◆ SUPPLIED MATERIAL ◆
-- Opening Marker --
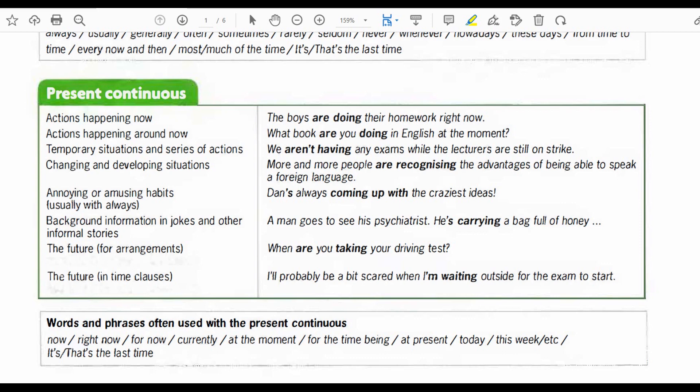Now let's move forward with the present continuous with examples. Actions happening now: the boys are doing their homework right now. Actions happening around now: what book are you doing in English at the moment? Please pay particular attention to the whole type of words. Temporary situations and series of actions: we aren't having any exams while the lecturers are still on strike.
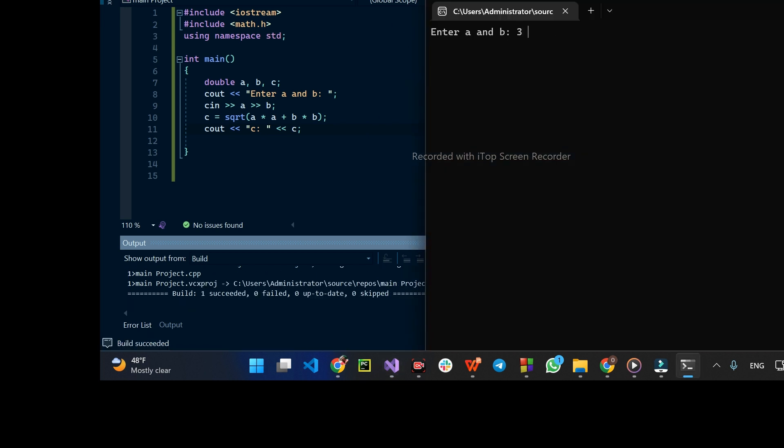This is the value of 3 squared plus 4 squared, under the square root.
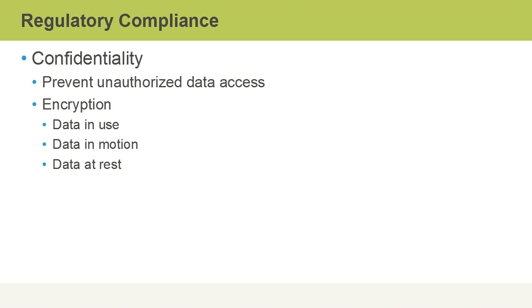Confidentiality could also be a part of regulatory compliance, where we are preventing the unauthorized access of sensitive data. Encryption might be required for data in use, data in motion such as that being transmitted over a network, and data at rest such as data being stored on disks, either on-premises or in the cloud.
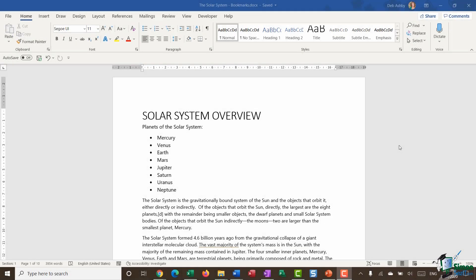Hello everyone and welcome back to this course on Word 2019 Advanced. We're down into section 12 and in this section we're going to talk about bookmarks and cross-referencing.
-- Closing Marker --
◆ YOUR TASK ◆
All lines of the material above should be returned unchanged, but no pictures should be included.

◆ ANSWER TO THE PROBLEM ◆
Now let's move forward with the present continuous with examples. Actions happening now: the boys are doing their homework right now. Actions happening around now: what book are you doing in English at the moment? Please pay particular attention to the whole type of words. Temporary situations and series of actions: we aren't having any exams while the lecturers are still on strike.
This is the value of 3 squared plus 4 squared, under the square root.
Confidentiality could also be a part of regulatory compliance, where we are preventing the unauthorized access of sensitive data. Encryption might be required for data in use, data in motion such as that being transmitted over a network, and data at rest such as data being stored on disks, either on-premises or in the cloud.
Hello everyone and welcome back to this course on Word 2019 Advanced. We're down into section 12 and in this section we're going to talk about bookmarks and cross-referencing.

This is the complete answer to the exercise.